━━━━━ Exercise material ━━━━━

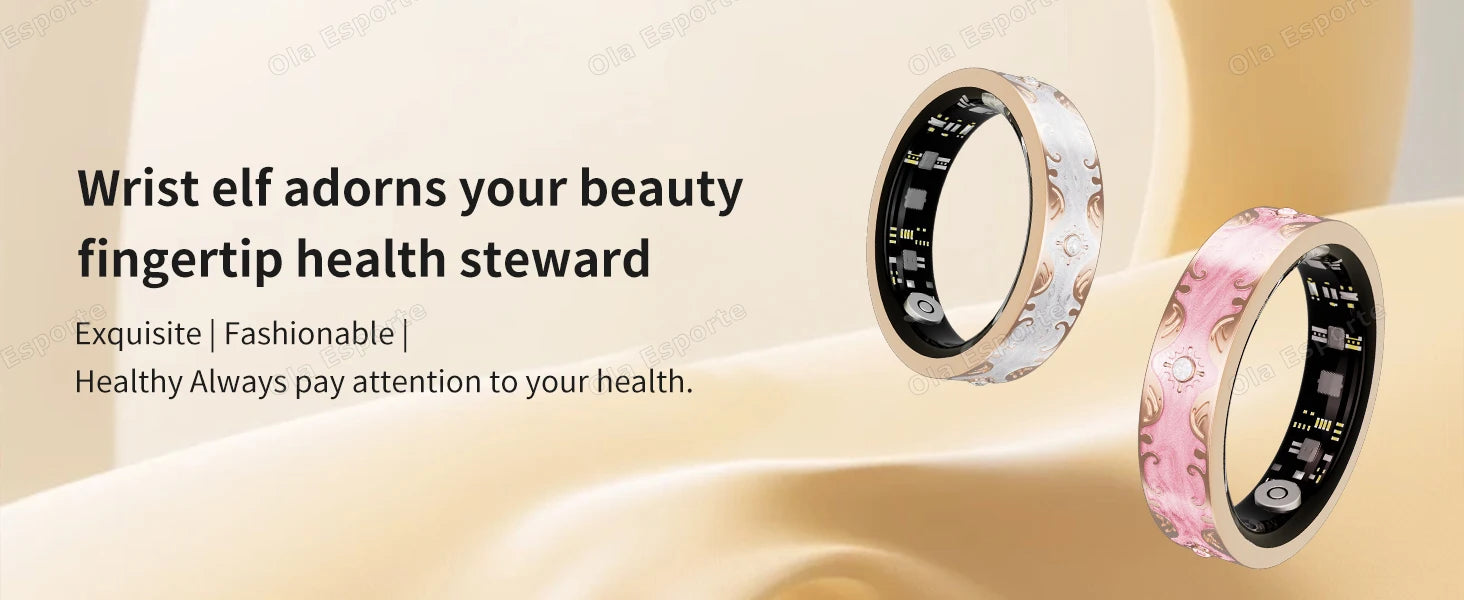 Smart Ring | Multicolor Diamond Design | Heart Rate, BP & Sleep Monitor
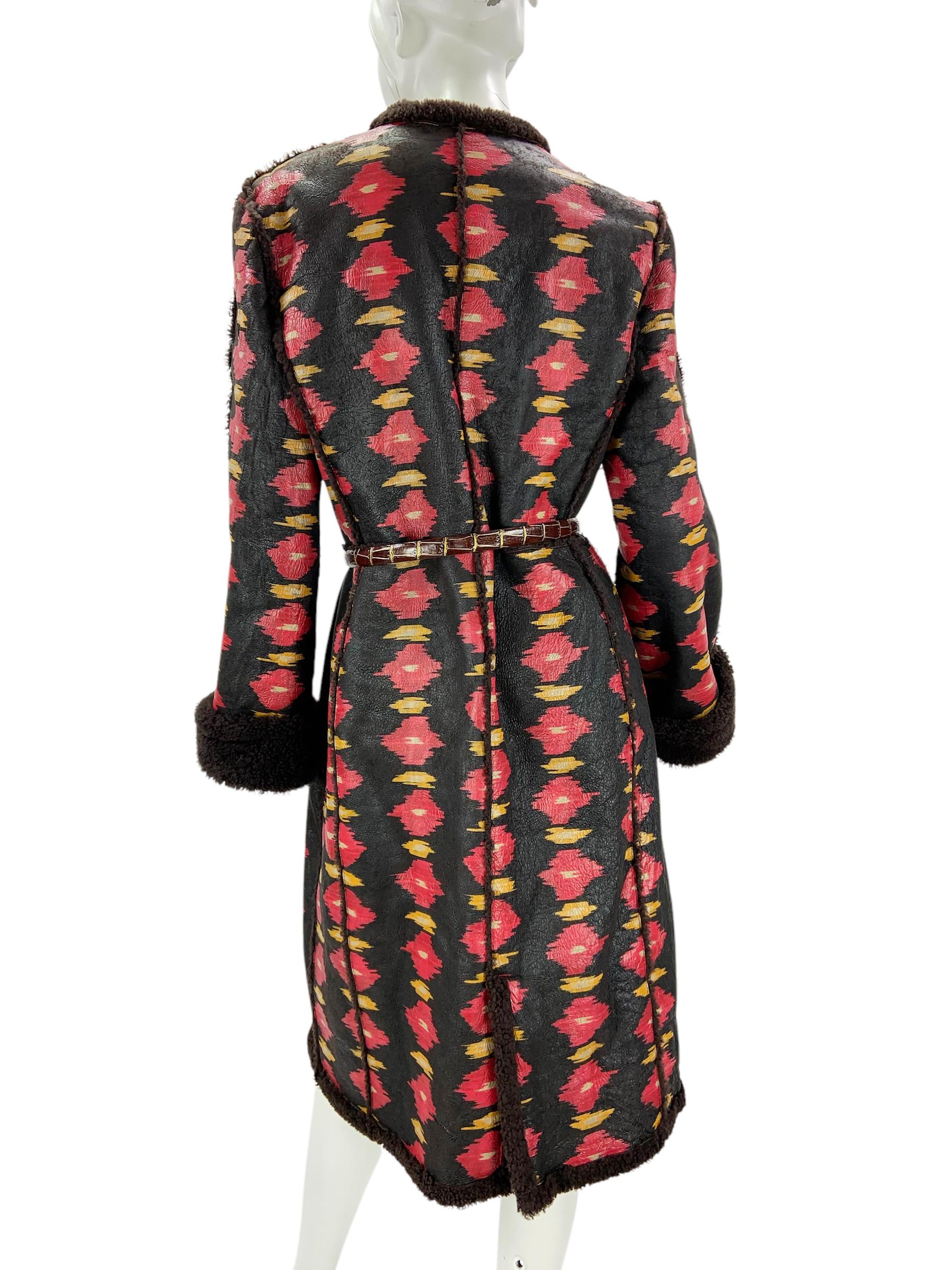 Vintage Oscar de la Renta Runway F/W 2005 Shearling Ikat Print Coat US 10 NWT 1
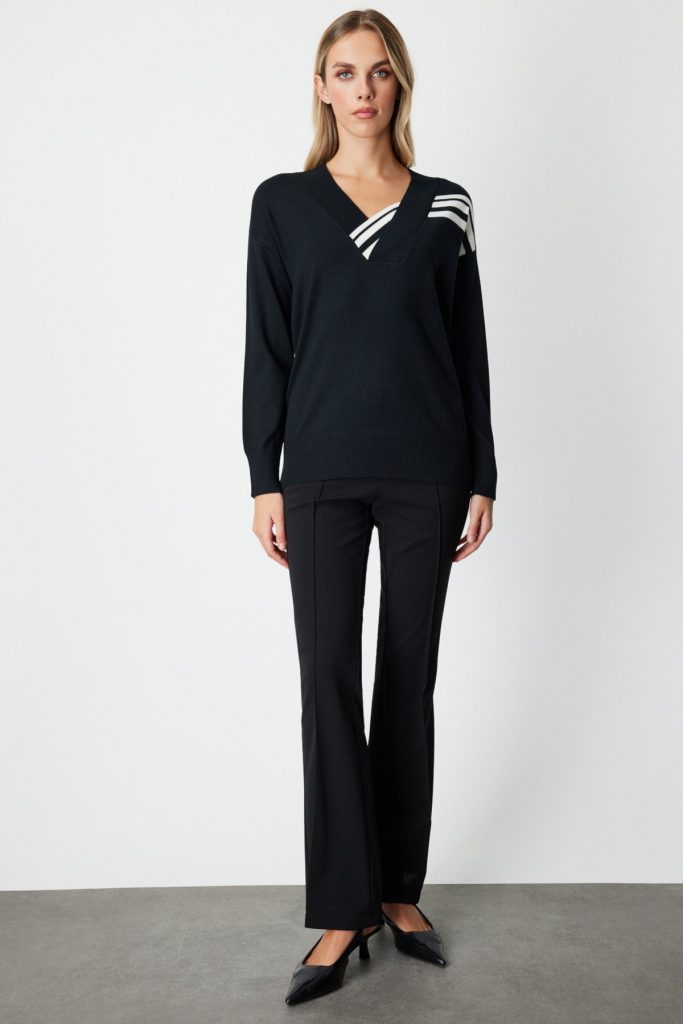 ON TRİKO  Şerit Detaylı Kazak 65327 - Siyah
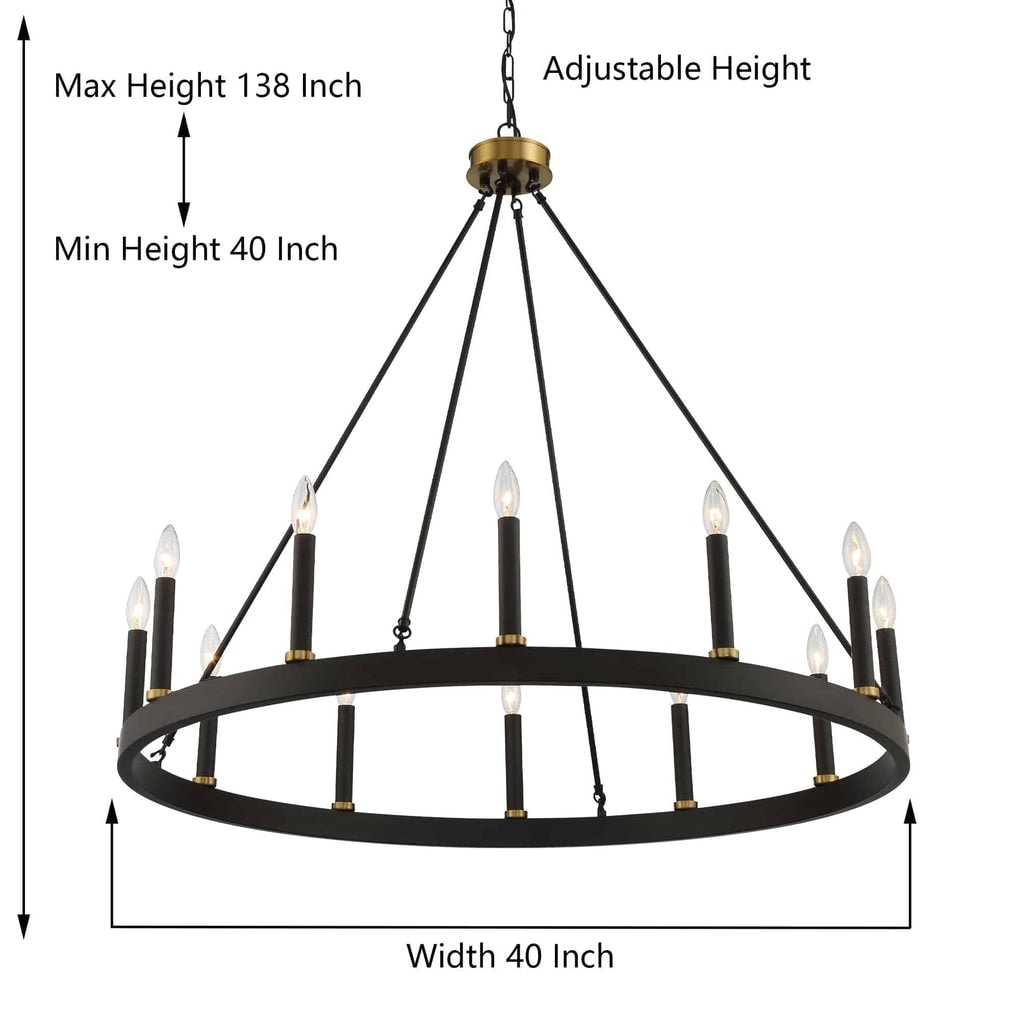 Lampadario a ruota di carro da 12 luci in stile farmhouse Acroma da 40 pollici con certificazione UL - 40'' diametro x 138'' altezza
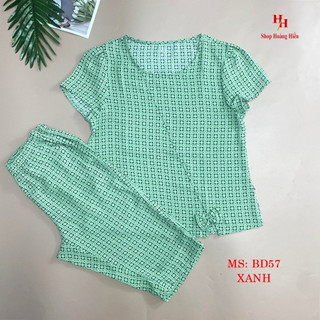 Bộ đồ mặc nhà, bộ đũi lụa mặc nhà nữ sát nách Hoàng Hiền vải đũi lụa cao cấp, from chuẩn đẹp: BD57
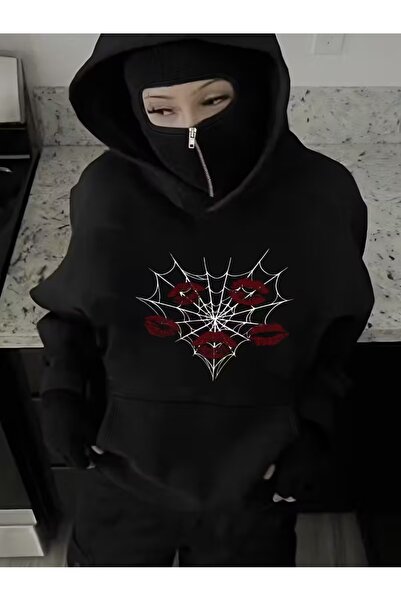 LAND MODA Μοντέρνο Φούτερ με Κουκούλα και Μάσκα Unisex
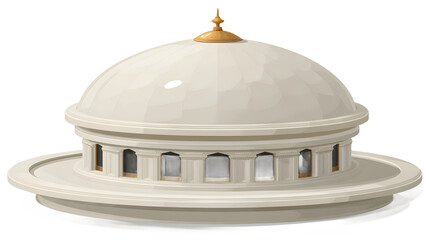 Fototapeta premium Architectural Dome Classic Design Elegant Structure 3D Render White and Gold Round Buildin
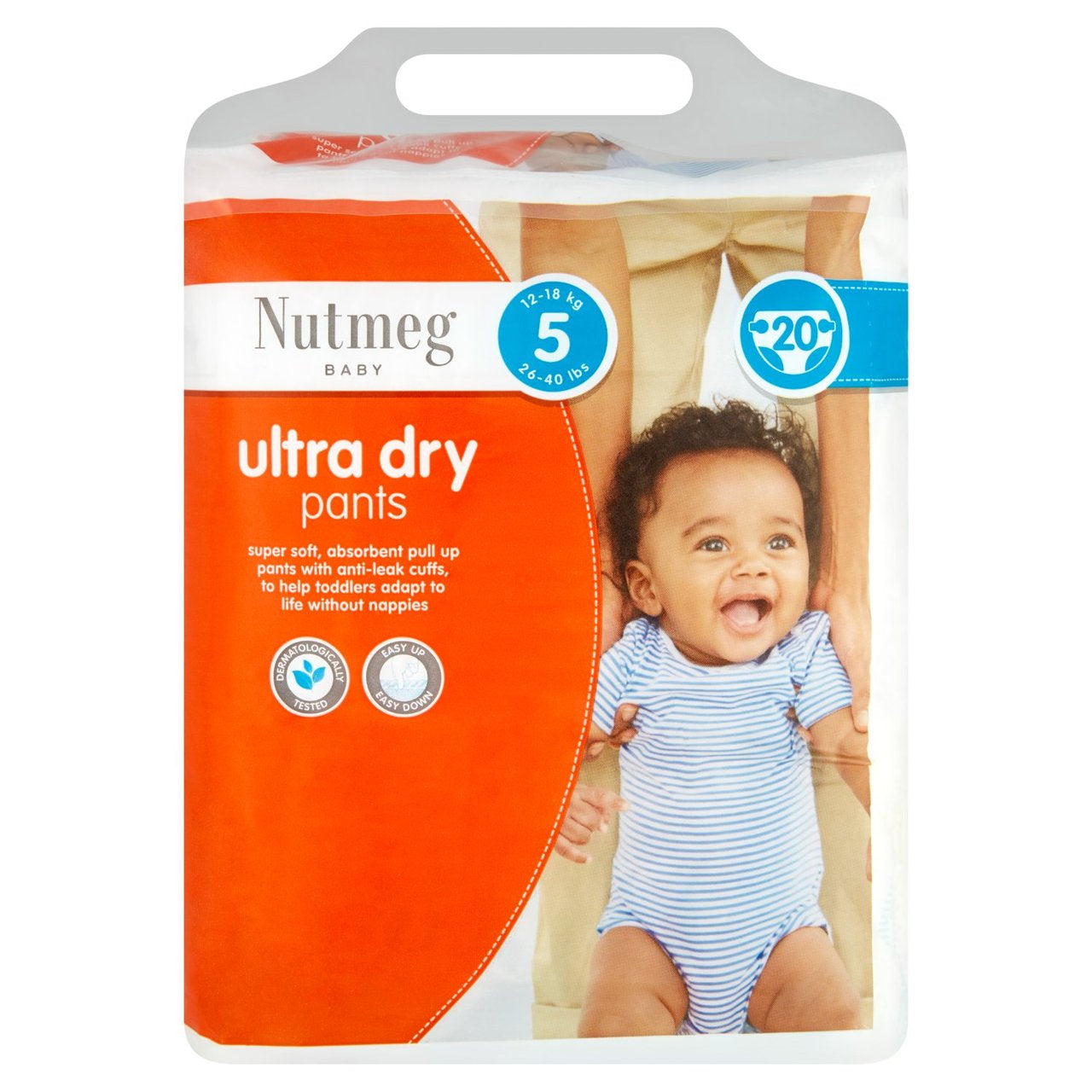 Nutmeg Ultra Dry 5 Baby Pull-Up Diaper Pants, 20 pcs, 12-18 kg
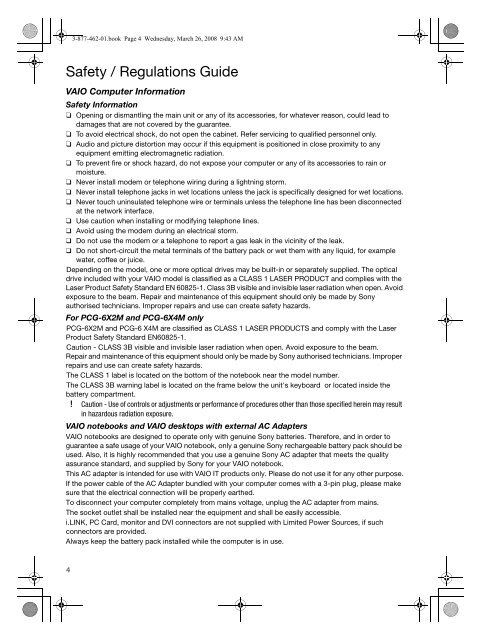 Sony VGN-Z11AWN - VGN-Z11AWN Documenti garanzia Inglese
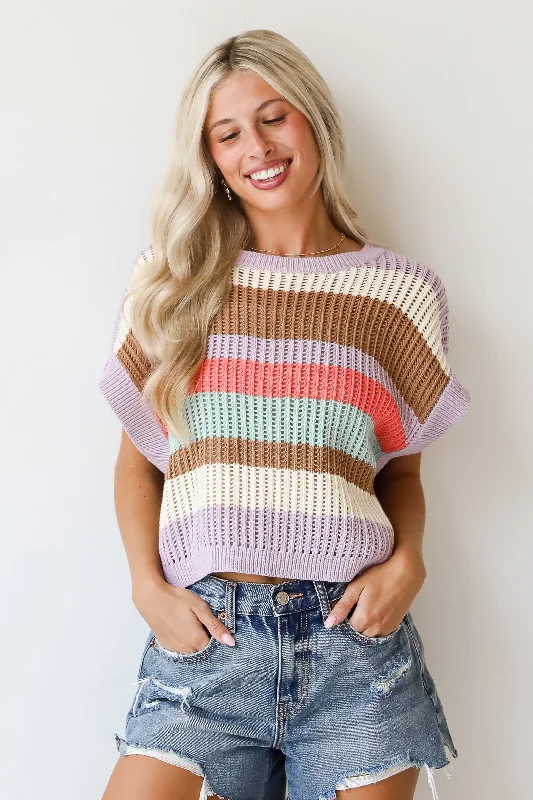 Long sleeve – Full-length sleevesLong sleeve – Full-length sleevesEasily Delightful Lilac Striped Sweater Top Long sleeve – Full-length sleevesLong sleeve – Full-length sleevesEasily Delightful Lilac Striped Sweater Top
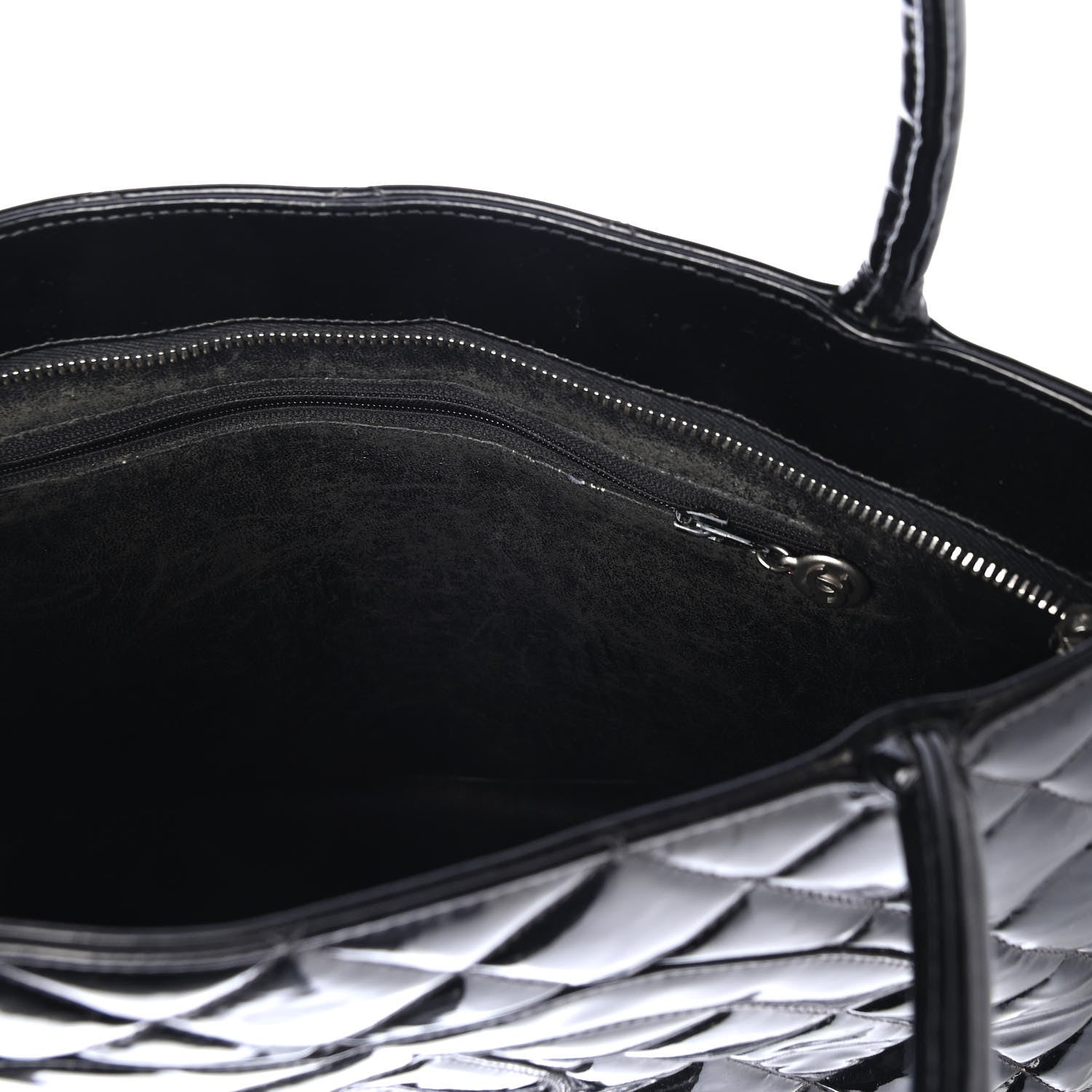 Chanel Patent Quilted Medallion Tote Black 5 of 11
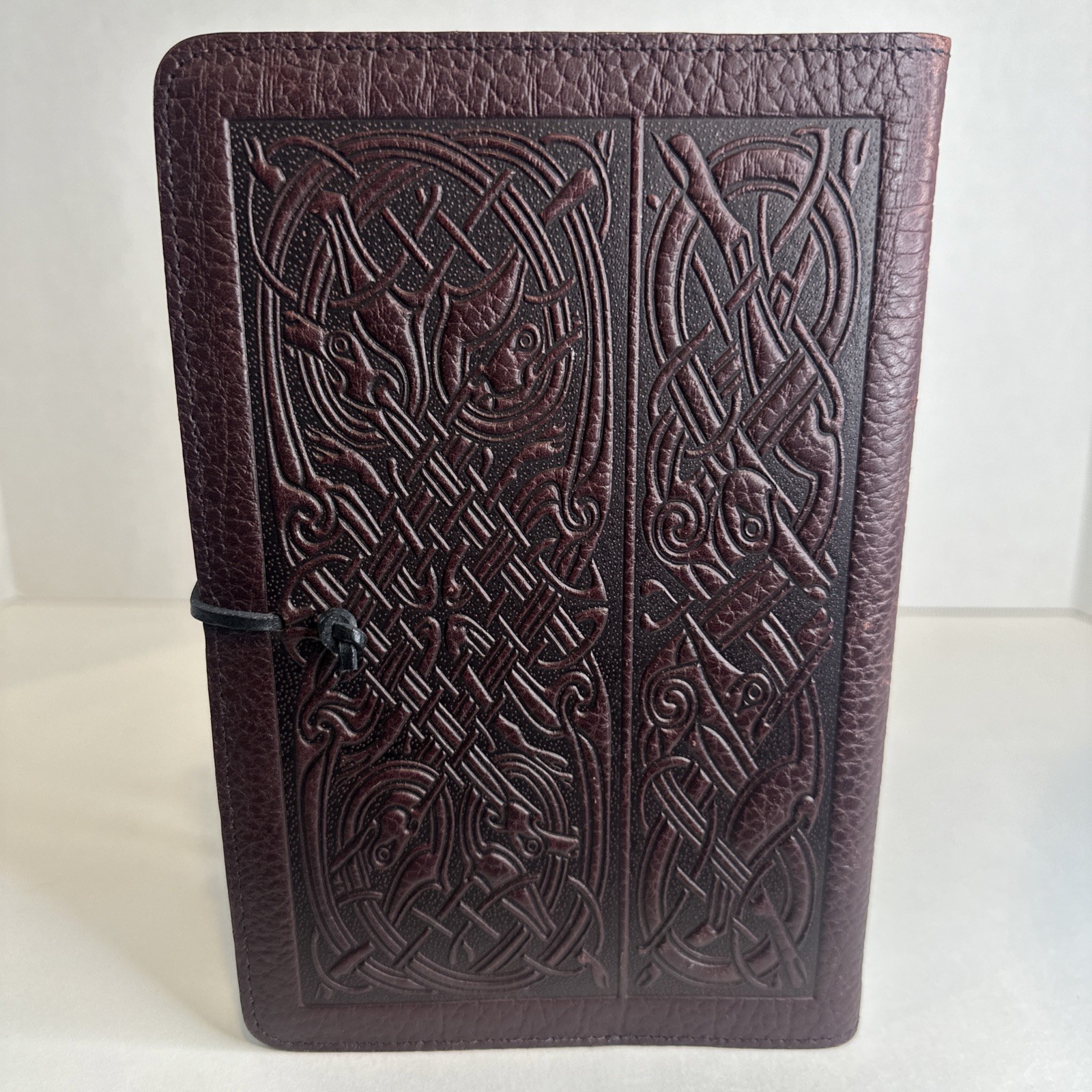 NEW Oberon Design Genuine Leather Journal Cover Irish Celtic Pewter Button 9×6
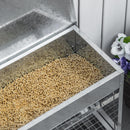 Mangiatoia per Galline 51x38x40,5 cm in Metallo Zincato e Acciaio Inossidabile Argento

━━━━━

What the task requires:
Please repeat the records above exactly, leaving every picture out.

Task result:
 Smart Ring | Multicolor Diamond Design | Heart Rate, BP & Sleep Monitor
 Vintage Oscar de la Renta Runway F/W 2005 Shearling Ikat Print Coat US 10 NWT 1
 ON TRİKO  Şerit Detaylı Kazak 65327 - Siyah
 Lampadario a ruota di carro da 12 luci in stile farmhouse Acroma da 40 pollici con certificazione UL - 40'' diametro x 138'' altezza
 Bộ đồ mặc nhà, bộ đũi lụa mặc nhà nữ sát nách Hoàng Hiền vải đũi lụa cao cấp, from chuẩn đẹp: BD57
 LAND MODA Μοντέρνο Φούτερ με Κουκούλα και Μάσκα Unisex
 Fototapeta premium Architectural Dome Classic Design Elegant Structure 3D Render White and Gold Round Buildin
 Nutmeg Ultra Dry 5 Baby Pull-Up Diaper Pants, 20 pcs, 12-18 kg
 Sony VGN-Z11AWN - VGN-Z11AWN Documenti garanzia Inglese
 Long sleeve – Full-length sleevesLong sleeve – Full-length sleevesEasily Delightful Lilac Striped Sweater Top Long sleeve – Full-length sleevesLong sleeve – Full-length sleevesEasily Delightful Lilac Striped Sweater Top
 Chanel Patent Quilted Medallion Tote Black 5 of 11
 NEW Oberon Design Genuine Leather Journal Cover Irish Celtic Pewter Button 9×6
 Mangiatoia per Galline 51x38x40,5 cm in Metallo Zincato e Acciaio Inossidabile Argento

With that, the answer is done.